Speech-to-Text Providers
STT (Speech-to-Text) providers convert user voice input to text for processing.
Supported Providers
| Provider | Real-time | Accuracy | Pricing |
|---|---|---|---|
| OpenAI Whisper | No | Excellent | $0.006/min |
| Deepgram | Yes | Very Good | $0.0077/min |
Feature Comparison
| Feature | Whisper | Deepgram |
|---|---|---|
| Real-time streaming | ❌ | ✅ |
| Speaker diarization | ❌ | ✅ |
| Custom vocabulary | ❌ | ✅ |
| Punctuation | ✅ | ✅ |
| Multi-language | ✅ | ✅ |
| Word timestamps | ✅ | ✅ |
When to Use Each
Choose Whisper if:
- You prioritize transcription accuracy
- Latency isn't critical (batch mode is fine)

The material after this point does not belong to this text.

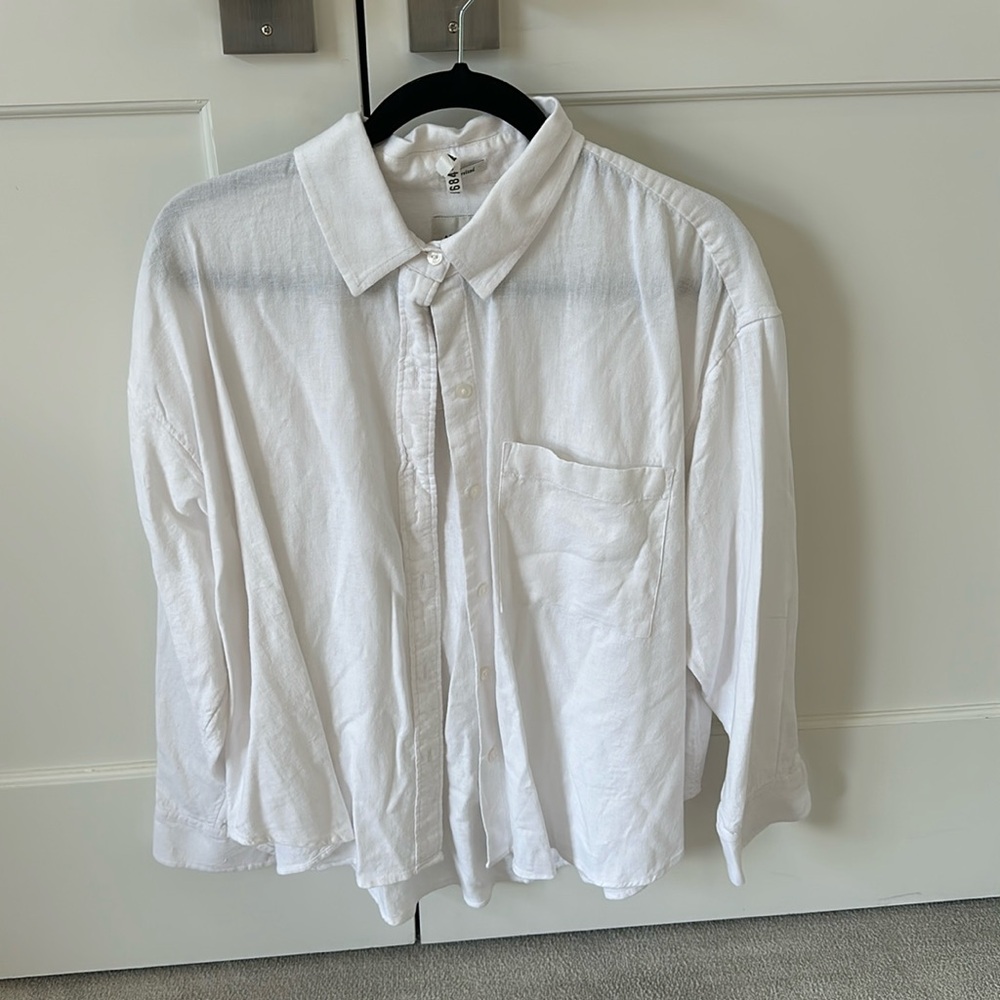 Abercrombie Women’s Linen Oversized Button Down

- You already have OpenAI API access
- Cost is the primary concern
Choose Deepgram if:
- You need real-time transcription
- You want streaming for live captions
- You need speaker identification
- You have specialized vocabulary
Cost Comparison
For a 3-minute conversation with ~1 minute of user speech:
| Provider | Cost |
|---|---|
| Whisper | $0.006 |
| Deepgram | $0.0077 |
Both are extremely affordable. The choice typically comes down to features rather than cost.